Und natürlich stimmt es: Auch in Wien kämpfen wir mit dem Problem, dass es nach wie vor Einkommensunterschiede zwischen Männer und Frauen gibt. Es sind zwar in Wien nur – nur unter ganz dicken Anführungszeichen – 25 Prozent, während es Österreich weit über 30 Prozent sind, und das ist kein Zufall, aber es sind trotzdem um 25 Prozent zuviel. Aber was sind denn die Ursachen, sehr geehrten Damen und Herren? Es sind zwei ganz zentrale Ursachen, weil Frauen leider noch immer in vielen Bereichen tätig sind, die weniger Einkommen haben und weil wir schon bei den Mädchen sehen, dass sie sich nach wie vor, wenn wir uns nur die Lehrlingsstatistiken anschauen, so über die Hälfte für drei sehr traditionelle Lehrberufe entscheiden, ehrenwerte Berufe, aber nicht die einkommensstärksten und nicht die zukunftsorientiertesten. Über 50 Prozent der Mädchen entscheiden sich nach wie vor für den Lehrberuf der Verkäuferin und des Bürohandelskaufmanns, in diesem Fall Bürohandelskauffrau oder dazu, den Beruf der Friseurin zu ergreifen.

 

Ja darum sind wir gerade in diesem Bereich so aktiv. Darum gibt es einen Wiener Töchtertag, den wir nächstes Jahr noch größer und noch mehr ausbauen werden, weil es eine einmalige Gelegenheit ist, hier Bewusstsein zu schaffen, und zwar sowohl bei den Unternehmungen als auch bei den Eltern. Darum haben wir ein Frauenbarometer in Auftrag gegeben, das genau analysiert, wie die Berufsentscheidungen bei Mädchen laufen. Und wir wissen, dass es nach wie vor überwiegend die Eltern sind, die den Einfluss auf die Entscheidung haben.
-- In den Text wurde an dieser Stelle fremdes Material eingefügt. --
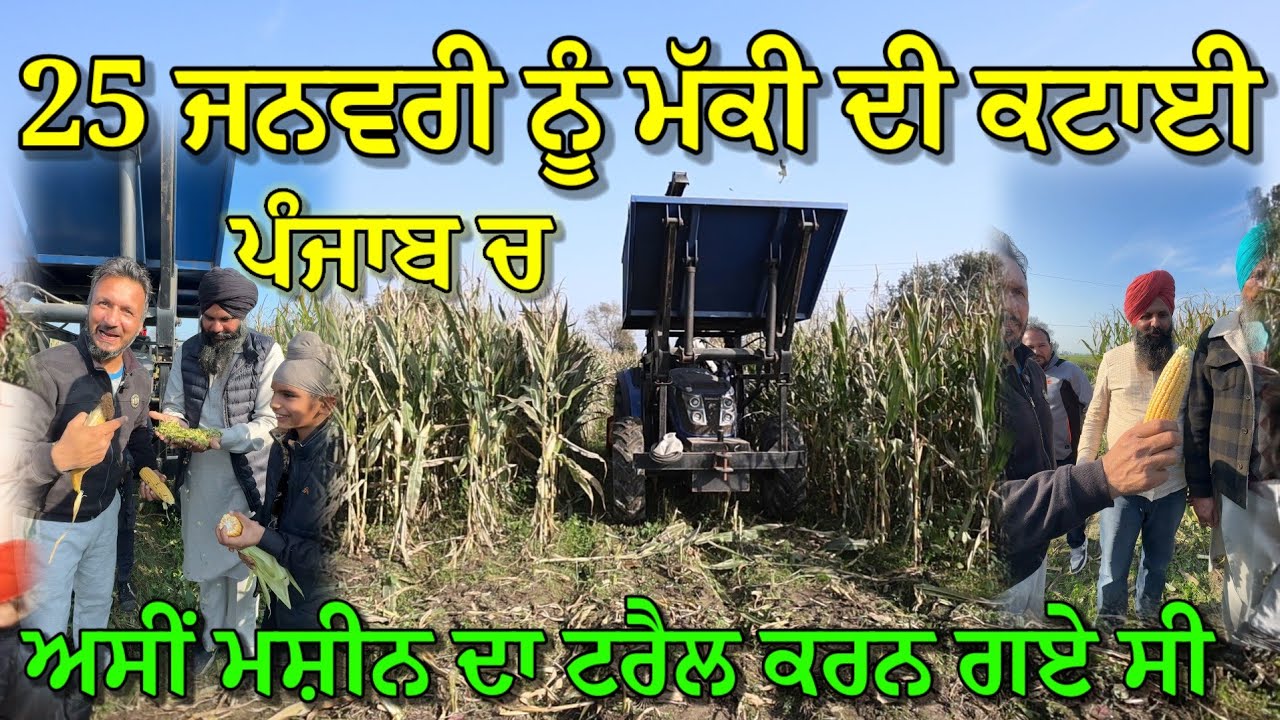 ਯਾਰ 25 ਜਨਵਰੀ ਨੂੰ ਬੰਦੇ ਮੱਕੀ ਵੱਢੀ ਜਾਂਦੇ ਆ,, ਅਸੀਂ ਤਾਂ ਮਸ਼ੀਨ ਦਾ ਟਰੈਲ ਕਰਨ ਗਏ ਸੀ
Deswegen machen wir den Töchtertag der Unternehmungen, weil die beste Entscheidung eines Mädchens, das sagt, ich will Mechanikerin werden, nützt mir nichts, wenn die Firma sagt: Tut mir Leid, wir haben keine Duschen für Mädchen, wir nehmen die nicht.

 

Das heißt, wir brauchen die Unternehmungen, die mitmachen. Wir brauchen die Eltern, die mitmachen, weil das engagierteste Mädchen wird demotiviert, wenn die Eltern sagen: Nein das ist kein Job für ein Mädchen, da wirst ja schmutzig, und es von der Entscheidung abbringt. Und wir brauchen die Mädchen selber. Deswegen ist - und der Töchtertag ist ja nur ein Beispiel dafür - das eine unserer Initiativen, die wir setzen, um Mädchen in der Berufsentscheidung positiv zu beeinflussen und weil wir wissen, dass es einen entscheidenden Punkt in der Karriere von Frauen gibt, wo sie den Anschluss verlieren und wo die Einkommensunterschiede neben der Frage der Berufsentscheidung besonders begründet werden, die sogenannte Babypause. Das ist der Bereich wenn die Frauen, nachdem sie beim Kind zu Hause geblieben sind, den Wiedereinstieg nicht mehr schaffen oder in der Zeit, wo sie zu Hause sind, die männlichen, gleich qualifizierten Kollegen an ihnen vorbeiziehen.

 

Deswegen kritisieren wir das Kindergeld und nicht, weil wir grundsätzlich dagegen sind, dass die Frauen Unterstützung bekommen. Nein, ganz bestimmt nicht.